Organic chemistry is in an exciting and transformative stage. On the one hand, it is an old field with roots that trace back centuries. On the other, it could be said to be in a golden age based on the speed of discovery, expert elucidation of reaction mechanisms linking structure and function, and seamless connection of fundamental science to translational impact in numerous industries from the pharmaceutical and biotechnology industries, to fine chemical production and manufacturing, and all the way to the many venerable and new fields advancing materials design, energy sciences and synthesis of a limitless set of useful substances. Organic chemistry is strictly considered to be the science of carbon-containing materials, with several addenda such that the molecules might also contain hydrogen, oxygen, nitrogen, sulfur, and other elements. Perhaps a more progressive definition might be that the field is concerned with the conception of, design of, synthesis of, and properties of molecules that fall into this type of elemental composition. Yet, when we layer into the field all of the mechanistic aspects that contribute to the structure and function of carbon-containing compounds, we immediately see a scientific discipline without horizon in terms of structure, function, and ultimately impact on life as we know it.

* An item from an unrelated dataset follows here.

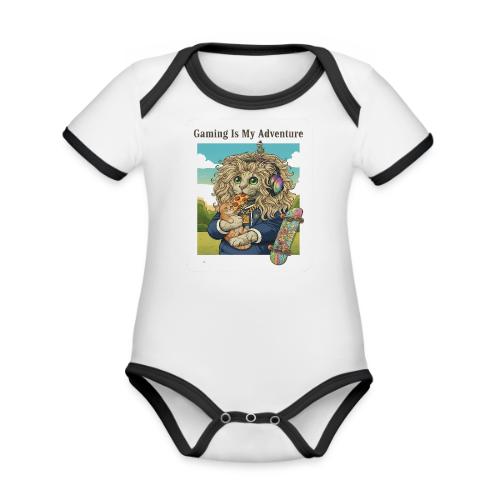 Gaming Cat Adventure: Pizza & Skates - Organic Contrast SS Baby Bodysuit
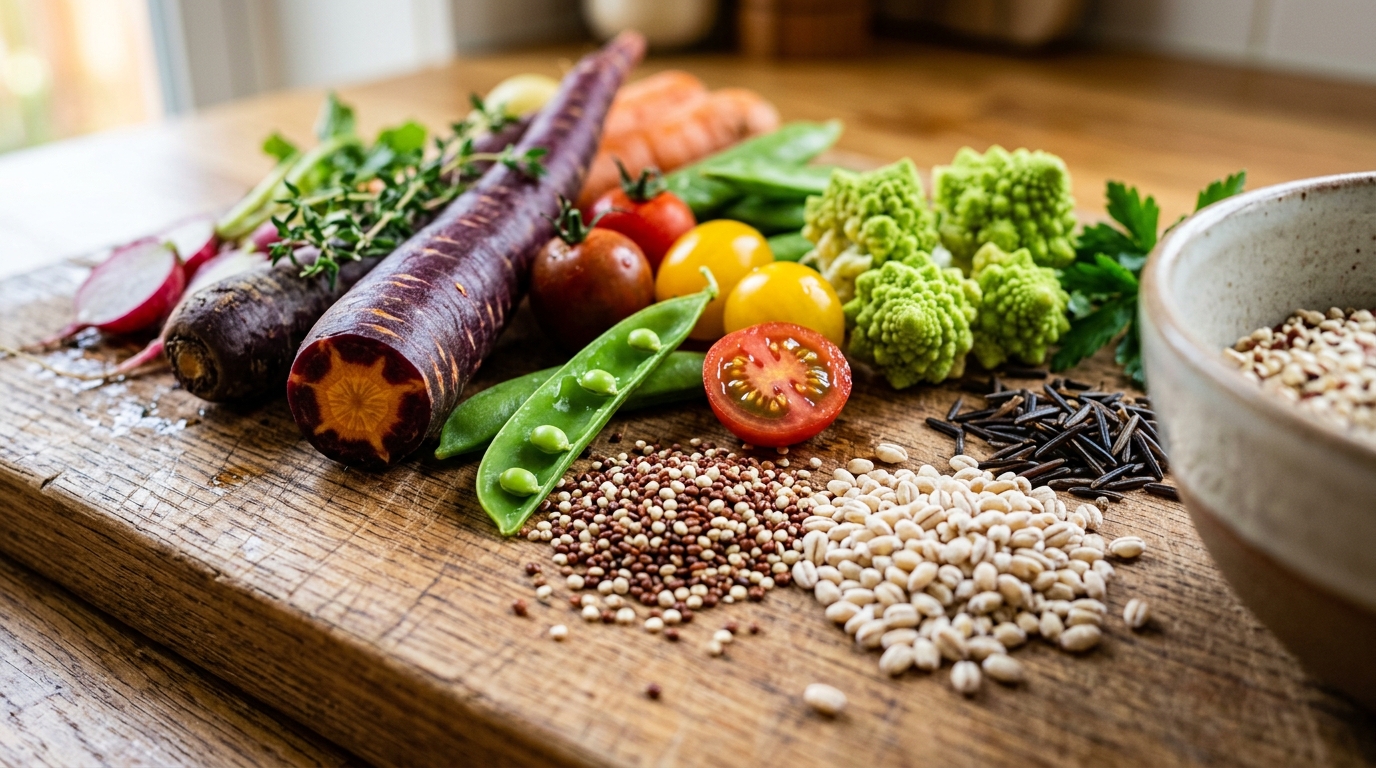 colorful plant based ingredients macro detail wooden surface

The discipline of organic chemistry at Yale stands on the shoulders of numerous pioneering figures who shaped our understanding of synthetic chemistry, physical organic chemistry. In addition, Yale organic chemists also included many figures who contributed to the dawn of the now-burgeoning field of chemical biology. All of these aspects of the field are presently under study throughout the department, in the most contemporary sense. Complex molecule synthesis, the development of powerful new reactions, discovery and applications of catalysis, pioneering approaches to computational chemistry fueling fundamental discovery and translational impact – all of these activities represent state-of-the-art activities in the department. The organic chemistry portfolio is also replete with collaborative work with other scientists at Yale, including many associated with the Yale Institute of Biomolecular Design and Discovery, the Yale School of Engineering and Applied Sciences, and the Yale School of Medicine.
The current foci under study in the field of organic chemistry can be ascertained through the many faculty research websites. Extensive research is underway throughout the vast landscape of the discipline, including many projects that also bridge to other disciplines as well.
Estimates of the number of conceivable organic compounds stagger the imagination, and range in the area of 1060 (Dobson, C. M. “Chemical Space and Biology” Nature 2004, 432, 824-828). Accordingly, the study of organic chemistry – from the standpoints of structural scope, mechanisms of molecular interconversion, and from the perspective of functional impact – seems the quintessential imagination-limited endeavor.
The Chemistry Department’s focused and interdisciplinary nature makes the opportunity to contribute across the field an exciting and high-probability enterprise.